ニュース 法律 作成日:2014年7月30日_記事番号:T00051808

産業時事の法律講座

第162回 提審法と外国人の人身の自由の保障

 台湾における「提審」制度は、英国のヘイビアス・コーパス(Writ of Habeas Corpus)制度、いわゆる人身保護令状制度に由来しています。この制度は、人民の人身の自由が警察や行政官によって不当に奪われた際、裁判所の介入を要請することで、行政機関が人民の人身の自由を奪ったことの合法性を裁判所に審査してもらうというもので、「人身の自由を奪うことができるのは裁判所だけ」という理論に基づいた制度です。

 台湾の「提審法」は1935年6月当時の「中華民国」政府によって公布され、46年3月から施行されました。つまり47年12月25日に施行された現行の台湾の憲法である「中華民国憲法」よりも早くから施行されていたわけです。

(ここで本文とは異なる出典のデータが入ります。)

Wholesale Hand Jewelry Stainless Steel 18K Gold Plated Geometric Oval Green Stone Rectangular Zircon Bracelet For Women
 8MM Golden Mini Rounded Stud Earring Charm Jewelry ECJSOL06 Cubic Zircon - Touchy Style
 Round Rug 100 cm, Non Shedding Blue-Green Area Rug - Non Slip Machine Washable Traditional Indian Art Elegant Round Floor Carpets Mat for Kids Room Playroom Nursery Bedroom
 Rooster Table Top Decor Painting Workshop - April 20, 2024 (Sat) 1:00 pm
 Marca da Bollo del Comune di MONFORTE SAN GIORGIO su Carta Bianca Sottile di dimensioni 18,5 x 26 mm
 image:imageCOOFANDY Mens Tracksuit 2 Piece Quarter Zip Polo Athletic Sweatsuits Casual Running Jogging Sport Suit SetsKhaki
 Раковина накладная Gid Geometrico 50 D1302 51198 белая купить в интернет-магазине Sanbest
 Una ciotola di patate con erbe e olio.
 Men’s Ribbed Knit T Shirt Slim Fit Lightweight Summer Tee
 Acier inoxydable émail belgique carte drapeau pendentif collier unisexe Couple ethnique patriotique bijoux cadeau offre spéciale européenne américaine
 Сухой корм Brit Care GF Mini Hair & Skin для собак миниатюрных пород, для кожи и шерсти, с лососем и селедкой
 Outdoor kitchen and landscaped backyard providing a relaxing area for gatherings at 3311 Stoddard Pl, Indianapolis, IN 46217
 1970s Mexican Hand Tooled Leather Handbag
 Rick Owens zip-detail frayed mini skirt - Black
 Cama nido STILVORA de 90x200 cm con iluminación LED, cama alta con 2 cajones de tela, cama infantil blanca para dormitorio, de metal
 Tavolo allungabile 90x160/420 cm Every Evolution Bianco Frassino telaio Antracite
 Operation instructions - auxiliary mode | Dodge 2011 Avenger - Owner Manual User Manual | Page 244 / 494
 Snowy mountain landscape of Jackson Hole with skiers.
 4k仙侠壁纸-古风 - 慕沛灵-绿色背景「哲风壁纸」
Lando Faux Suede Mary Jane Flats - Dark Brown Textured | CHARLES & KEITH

 かつて、提審法は人身の自由の保障という面では、これといった効果を発していませんでした。その原因は多々ありますが、最も主要な原因は、提審法に基づいて提審を申請できるのは「犯罪の容疑により逮捕された場合」に限られるという、保守的な解釈が裁判所によってなされていたことにあります。過去には少数ですが、外国人や中国人が「収容」された際に提審を申請することを認めた例もありますが、あくまでも例外的な扱いで主流の考え方ではありませんでした。

提審法改正に向かう流れ

 そんな中、09年12月10日、台湾政府は「公民與政治権利国際公約及経済社会文化権利国際公約施行法」を公布しました。これは、66年12月16日に国際連合総会で採択されたいわゆる国際人権規約、すなわち市民的および政治的権利に関する国際規約(自由権規約:International Covenant on Civil and Political Rights)と経済的、社会的および文化的権利に関する国際規約(社会権規約:International Covenant on Economic, Social and Cultural Rights)両規約を国内法化した台湾の法律です。

 一方、13年2月の司法院釈字第708号大法官解釈は、「入出国及移民法」に規定されている「收容」は、憲法第8条が保障している「人民の身体の自由」に違反するものであり、違憲であるとの解釈を下しました。また、同年7月の司法院釈字第710号大法官解釈も、「台湾地区與大陸地区人民関係条例」が規定している「收容」は、憲法第8条に違反していると判断しました。しかし、これらの解釈はともに2年の期限を設けて法改正を求め、期限を超えた場合、当該条項は失効するとしただけでした。

 このような状況の下、14年1月8日に前述の提審法が改正(7月8日より施行)され、「犯罪の容疑により逮捕された場合」でなくとも、提審を申請することができるという明文規定が設けられました。改正後の規定によると、行政機関は、裁判所から「提審票」の送達を受けた後、24時間以内に「身体の自由を拘束されている者」を裁判所に移送しなければならず、また裁判所がその釈放を決定した際、その決定に不服を申し立てることはできないと規定しています。

外国人収容、提審申請一度は棄却

 ベトナム人の梅氏蘭(マイ・ティー・ラン)女史は11年3月に台湾に出稼ぎに来た後、居留期間満了後に逃走、14年4月に檳榔(ビンロウ)販売員をしているところを警察に発見され、偽の健康保険証を所持していた容疑で逮捕されました。しかし検察官は勾留を申請しませんでした。これに対して、内政部入出国移民署は「入出国及移民法」の規定に基づき「收容」を申請、6日間の収容期間満了後、期間を60日間延期しました。収容開始当時タイに出張中であった梅氏蘭女史のフィアンセの李君賢氏は、帰国後に事態を知り、桃園地方裁判所に対して提審を申請しました。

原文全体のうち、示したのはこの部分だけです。